→ **Dataset section**
[Start of section]
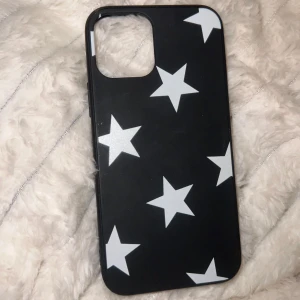 Svart mobilskal med vita stjärnor - Snyggt svart mobilskal med vita stjärnor. Passar iPhone 12, lite använd men bra skick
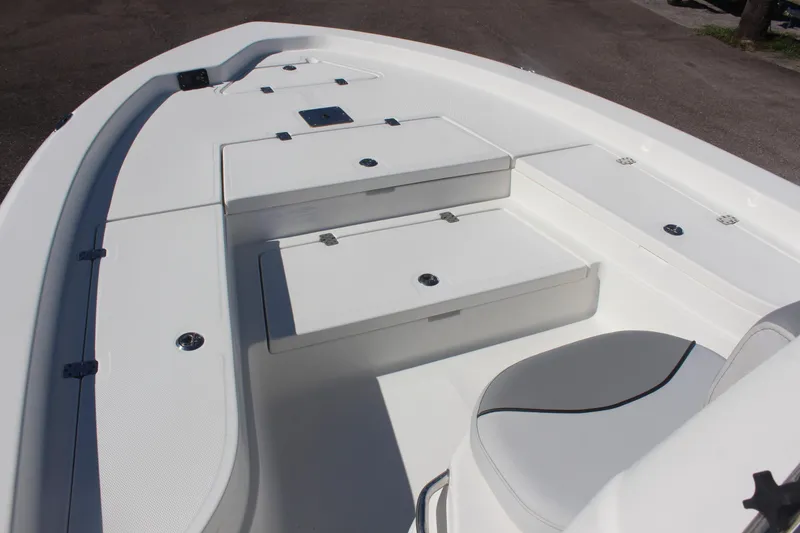 Slide: The Image of 2022 NauticStar 227 Bay boat interior with white seating and storage compartments. - 19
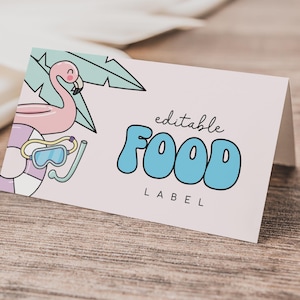 May include: A light pink, folded food label with a cartoon flamingo, snorkel, and life preserver illustration. The words "editable FOOD LABEL" are printed in blue and black. The label is on a wooden surface.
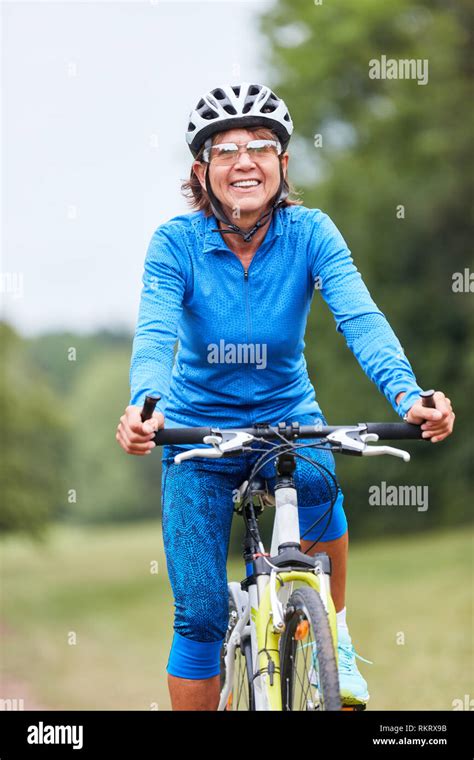 Active Senior Woman Trains Her Fitness While Riding A Mountain Bike Stock Photo Alamy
[End of section]
→ **Problem requirements**
Give again, exactly, each line from the one that contains "May include: A" through the last line of the material above. Pictures do not belong in the copy.

→ **Reply**
 May include: A light pink, folded food label with a cartoon flamingo, snorkel, and life preserver illustration. The words "editable FOOD LABEL" are printed in blue and black. The label is on a wooden surface.
 Active Senior Woman Trains Her Fitness While Riding A Mountain Bike Stock Photo Alamy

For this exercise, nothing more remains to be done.